- Data shown

________________________________________

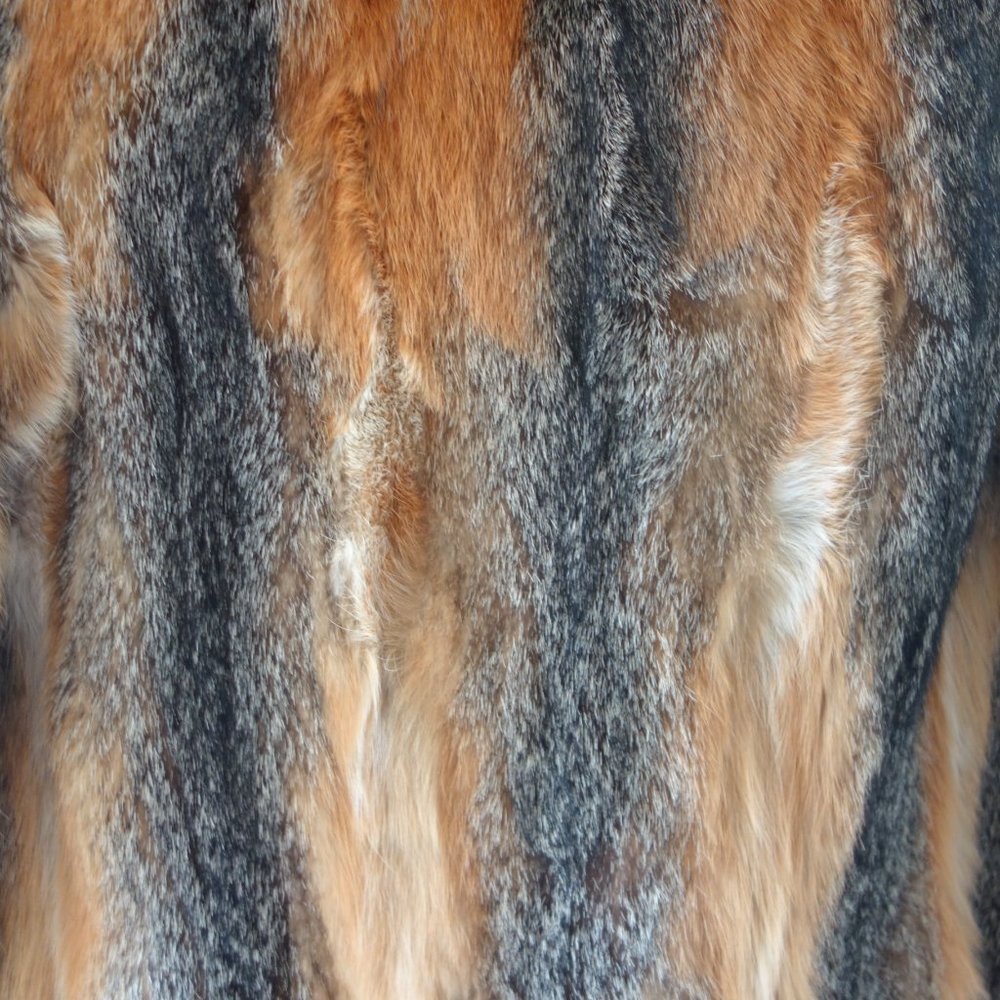 Real Fur Coat - Picture 9 of 16
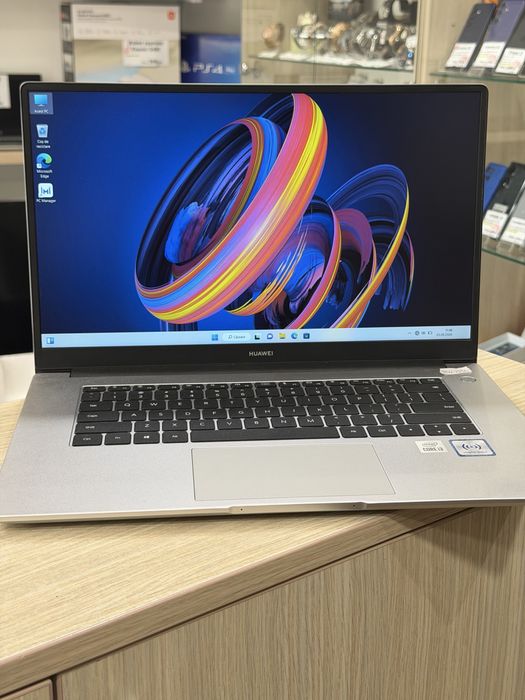 Laptop HUAWEI MateBook D15 Intel Core i3-10110U; SSD 256GB/8GB Ram - Garantie !!!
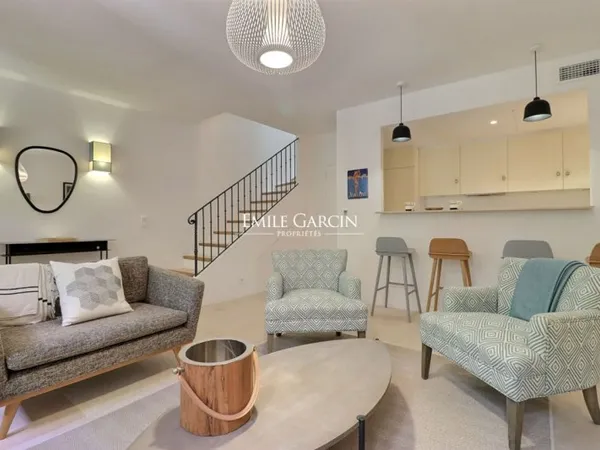 Appartement à la location - Saint-Tropez - Centre du village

________________________________________

- What to produce
Each line of the material is to be output exactly. Images are not part of the expected output.

- Answer below
 Real Fur Coat - Picture 9 of 16
 Laptop HUAWEI MateBook D15 Intel Core i3-10110U; SSD 256GB/8GB Ram - Garantie !!!
 Appartement à la location - Saint-Tropez - Centre du village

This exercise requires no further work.